Abstract
We present a novel unsupervised framework, which links continuous visual features and symbolic textual descriptions of manipulation activity videos. First, we extract the semantic representation of visually observed manipulations by applying a bottom-up approach to the continuous image streams. We then employ a rule-based reasoning to link visual and linguistic inputs.
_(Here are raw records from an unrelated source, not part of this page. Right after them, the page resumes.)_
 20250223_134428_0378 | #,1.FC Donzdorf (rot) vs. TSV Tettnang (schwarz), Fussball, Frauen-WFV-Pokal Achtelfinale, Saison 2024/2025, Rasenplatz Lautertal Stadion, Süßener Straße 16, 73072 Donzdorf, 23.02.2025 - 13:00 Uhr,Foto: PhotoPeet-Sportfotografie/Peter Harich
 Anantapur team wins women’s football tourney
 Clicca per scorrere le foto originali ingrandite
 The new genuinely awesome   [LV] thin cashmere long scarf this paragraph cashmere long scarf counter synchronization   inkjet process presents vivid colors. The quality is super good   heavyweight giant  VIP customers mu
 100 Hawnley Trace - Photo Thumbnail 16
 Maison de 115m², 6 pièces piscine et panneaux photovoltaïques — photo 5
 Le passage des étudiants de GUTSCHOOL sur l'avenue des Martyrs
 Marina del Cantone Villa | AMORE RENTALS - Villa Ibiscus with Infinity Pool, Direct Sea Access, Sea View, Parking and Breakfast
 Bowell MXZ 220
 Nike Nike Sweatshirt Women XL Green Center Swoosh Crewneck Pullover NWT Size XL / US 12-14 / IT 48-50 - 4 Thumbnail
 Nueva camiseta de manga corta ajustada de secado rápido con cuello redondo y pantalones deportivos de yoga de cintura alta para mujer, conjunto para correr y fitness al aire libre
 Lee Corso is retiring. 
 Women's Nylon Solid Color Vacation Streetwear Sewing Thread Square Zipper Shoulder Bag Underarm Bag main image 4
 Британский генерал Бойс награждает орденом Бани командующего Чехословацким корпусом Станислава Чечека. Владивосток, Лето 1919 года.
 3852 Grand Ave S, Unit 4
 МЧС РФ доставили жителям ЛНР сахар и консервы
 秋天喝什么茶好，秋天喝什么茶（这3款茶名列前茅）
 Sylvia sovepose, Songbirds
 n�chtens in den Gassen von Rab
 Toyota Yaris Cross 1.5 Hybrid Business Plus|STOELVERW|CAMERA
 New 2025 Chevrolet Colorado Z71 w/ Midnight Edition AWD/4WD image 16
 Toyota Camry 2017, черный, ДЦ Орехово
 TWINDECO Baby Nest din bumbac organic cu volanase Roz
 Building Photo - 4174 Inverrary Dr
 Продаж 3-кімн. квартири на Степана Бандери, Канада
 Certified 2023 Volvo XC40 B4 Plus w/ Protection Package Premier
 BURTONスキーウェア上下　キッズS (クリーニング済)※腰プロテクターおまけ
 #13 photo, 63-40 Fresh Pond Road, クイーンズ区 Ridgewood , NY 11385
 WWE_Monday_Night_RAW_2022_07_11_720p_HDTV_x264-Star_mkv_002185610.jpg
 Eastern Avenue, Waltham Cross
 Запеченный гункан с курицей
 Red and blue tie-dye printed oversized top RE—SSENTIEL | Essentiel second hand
The proposed framework allows robots 1) to autonomously parse, classify, and label sequentially and/or concurrently performed atomic manipulations (e.g., 'cutting' or 'stirring'), 2) to simultaneously categorize and identify manipulated objects without using any standard feature-based recognition techniques, and 3) to generate textual descriptions for long activities, e.g., 'breakfast preparation.' We evaluated the framework using a dataset of 120 atomic manipulations and 20 long activities.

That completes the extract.